Oh friends, it didn’t take long. Before I could even open the Good Book the zeppo came; the sickness of Hezekiah, king of Judah. The Good Book says: ‘In those days was Hezekiah sick unto death. And the prophet Isaiah, the son of Amoz came to him and said unto him, Thus saith the Lord, set thine house in order; for thou shalt die, and not live. Then he turned his face to the wall, and prayed unto the Lord, saying, I beseech thee, O Lord, remember now how I have walked before thee in truth and with a perfect heart, and have done that which is good in thy sight. And Hezekiah wept sore (bitterly).
And it came to pass, afore Isaiah was gone out into the middle court, that the word of the Lord came again to him, saying, Turn again and tell Hezekiah the captain of my people, Thus saith the Lord, the God of David thy father, I have heard thy prayer, I have seen thy tears: behold, I will heal thee: on the third day thou shalt go up unto the house of the Lord. And I will add unto thy days fifteen years…’ (2 Kin.20:1-6a)
Oh friends, I don’t know if I can compare my sorrow and weeping and goodness to Hezekiah’s nuh, but I do know that there was a lot of prayer and some tears. And the Lord in His mercy saw fit to grant me some more time here on earth. I don’t know if it’s fifteen years, or more, or less, but I do know that however much it is, I will enjoy it, and will praise and exalt His Holy name as much as I can, because He has been so good to me and mine. Glory be people!
When someone is good to us, we tell and show them thanks, so why not to our Maker and God eh? And I know that I’m not the only one so blessed, so why aren’t we praising and thanking our Saviour much more than we are eh?
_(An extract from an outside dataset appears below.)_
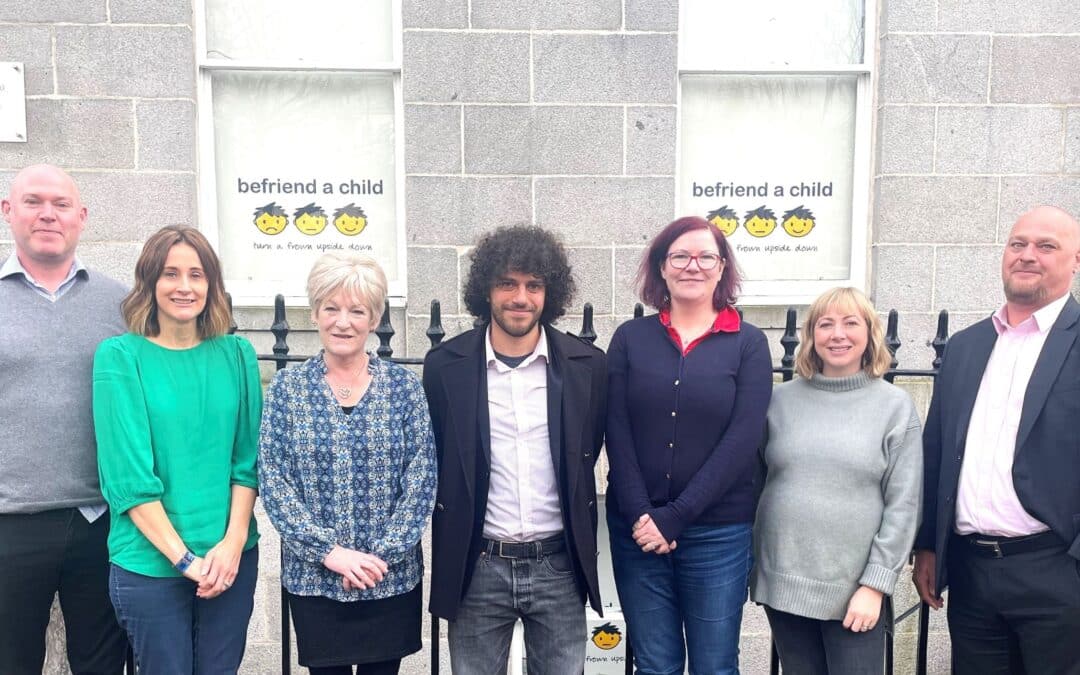 Leading energy services company, GEOLOG, announces partnership with local charity, Befriend a Child, this Christmas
I don’t know the answer nuh, but it’s time to go home, so let’s declare our Wednesday Wail, letting the world know our position in Christ Jesus.
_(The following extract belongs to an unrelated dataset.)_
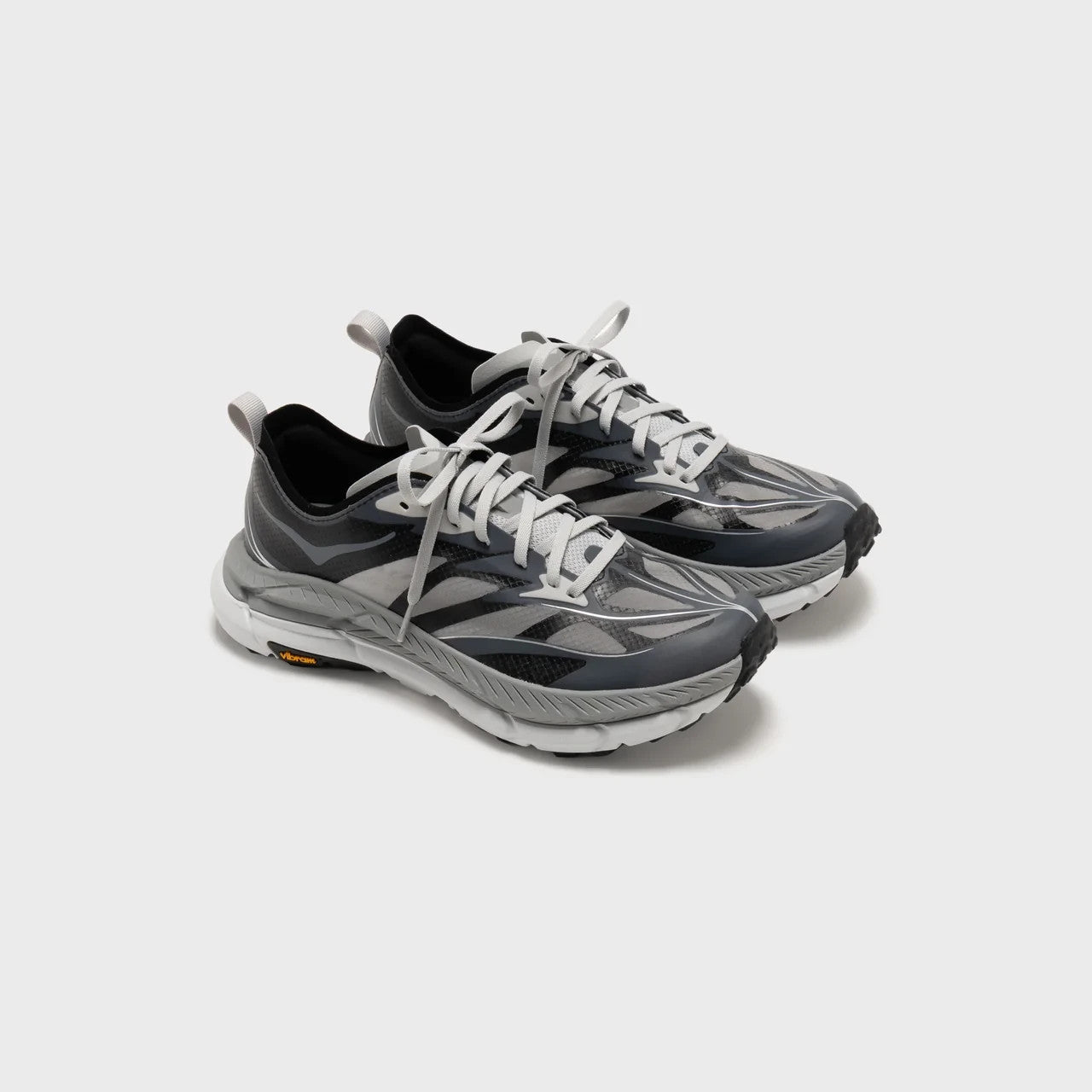 1168450-BKSTR Hoka Mafate Speed 4 Lite "Black/Stardust" (Men's)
As one strong voice now: ‘Wednesday, Wednesday, Wednesday: I’m so glad to be alive on this Wednesday! Wednesday, Wednesday, Wednesday: Thank God the breath of life is still flowing through me on this Wednesday! I am halfway home. My hands are fixed securely on the plough, and I’m not turning back. I’m not looking back at the past, not focusing on what has gone before. But my eyes are fixed straight ahead; straight ahead to a glorious future with Jesus. Glory Hallelujah!’
And if Jesus promised that it will be glorious, then I know it will be so indeed! Much LOVE!
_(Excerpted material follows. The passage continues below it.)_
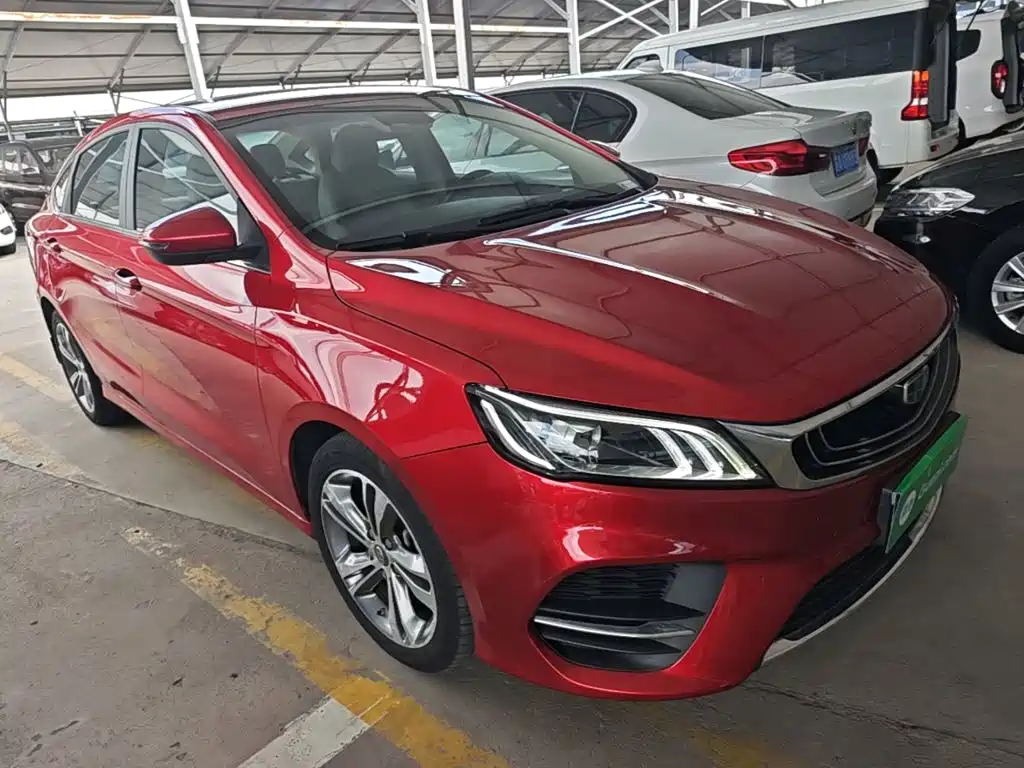 Geely Binrui — миниатюра 4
…as for me and mine…we WILL follow the LORD…no doubt about that…
P.S. Sorry that it’s so late, but I was really tired after the long journey…no longer accustomed to it (smile) and I just got the necessary energy to set up my stuff. And as always, when I’m on vacation, I can’t guarantee what time the Bit will go out, (smile) but you will get it. Much LOVE! Time for the beach now!